= Ira Hirsh =

Ira Hirsh (February 22, 1922 – January 12, 2010) was an American psychologist who made early contributions to the field of audiology. He was the Edward Mallinckrodt Distinguished University Professor of Psychology and Audiology at Washington University in St. Louis (WashU) and served as president of the Acoustical Society of America.

==Biography==
Born in New York, Hirsh earned an undergraduate degree from the New York State College for Teachers. While earning a master's degree at the Northwestern University School of Communication, he worked for a CBS Radio station in Chicago as a staff announcer and radio drama actor. After serving in the United States Army Air Forces, Hirsh earned a Ph.D. at Harvard University, where he conducted research at the Psycho-Acoustics Laboratory (PAL) under Stanley Smith Stevens. He took a position at the PAL before joining the Central Institute for the Deaf (a school for the deaf that teaches students using listening and spoken language which is affiliated with Washington University School of Medicine).
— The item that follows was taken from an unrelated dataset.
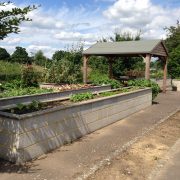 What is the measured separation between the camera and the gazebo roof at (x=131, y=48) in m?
21.6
He remained affiliated with CID until 1983 and from, but he held academic posts at WashU at the same time, including professor of psychology and dean of arts and sciences. Hirsh wrote a well-known audiology textbook, The Measurement of Hearing (1952), and was widely published in professional journals. He made important research observations about the brain's processing of speech over various time intervals. He was president of the Acoustical Society of America (ASA) in 1967–68 and received the ASA Gold Medal in 1992. Hirsh was inducted into the National Academy of Sciences in 1979.

In their spare time, Hirsh and his wife Shirley participated in ice dancing. Hirsh sang in the choir at the First Unitarian Church of St. Louis and was a member of the Saint Louis Chamber Chorus and the Bach Society of St. Louis. Upon his wife's 2004 death, Hirsh had been married for 61 years. He had four children. Hirsh died in 2010 in a convalescent center in Durham, North Carolina.